PARAQUEDISTA CONHECES A TUA HISTÓRIA? (XIII) OS POEMAS DE ANDRÉ ZIRNHELD E LUÍS TINOCO DE FARIA
As Oração e Prece de um Paraquedista, poemas adaptados a essa finalidade, são conhecidas da generalidade dos paraquedistas portugueses. Participam na criação e fortalecimento do espírito de corpo dos boinas verdes. Agora, em 2025 quando pela primeira vez é publicada, em França, uma biografia de André Zirnheld – 83 anos após a sua morte em combate – vamos abordar o percurso em Portugal destes poemas que tanto motivaram e ajudaram milhares de boinas verdes ao longo da vida, especialmente nos momentos de maior dúvida ou dificuldade.
Escrever “Oração” ou “Prece” foi opção tomada entre
nós ao longo dos anos - quase sempre - para distinguir os poemas de Tinoco de Faria e Zirnheld.

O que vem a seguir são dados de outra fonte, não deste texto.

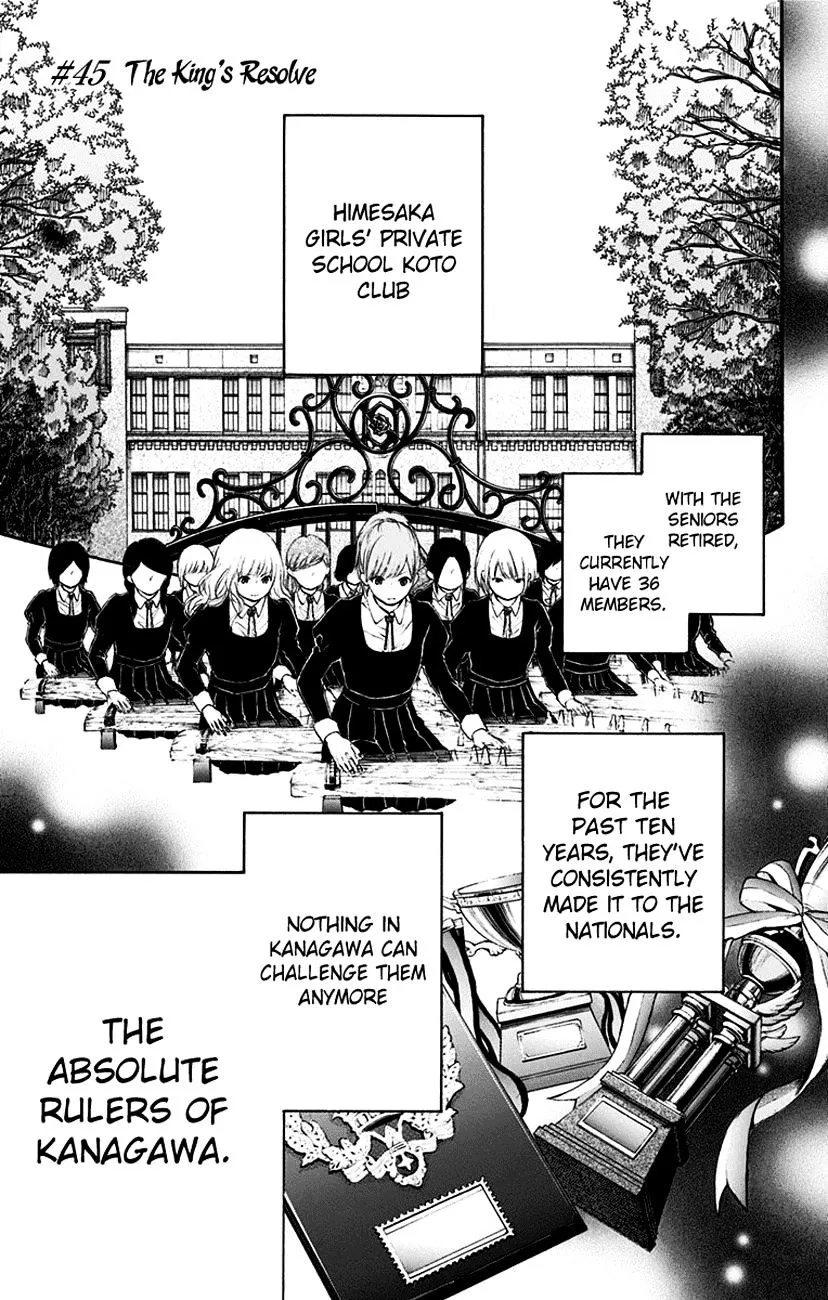 Kono Oto Tomare! Zinmanga X Chapter 45 Page 1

A “Prece” do francês André Zirnheld, é anterior à de
Tinoco de Faria, foi escrita em 1938. O
jovem Aspirante paraquedista dos SAS franceses, era antes da guerra filosofo e
poeta, e este foi um dos poemas que escreveu sem divulgar. Depois da descoberta
do seu caderno de poemas, quando morreu em combate em 1942, foi discretamente
divulgado este poema num jornal francês em 1942, e depois, na BBC em 1943. Só mais
tarde, depois de terminada a 2.ª Guerra Mundial, se tornou conhecida e usada
pelos paraquedistas franceses que então a adoptaram.
A de Luís António Sampaio Tinoco de Faria, segundo o
filho, Luís, também ele boina verde (105.º Curso de Paraquedismo - 1980) «…recordo-me
da minha mãe dizer que o meu pai tinha escrito a “oração de um paraquedista”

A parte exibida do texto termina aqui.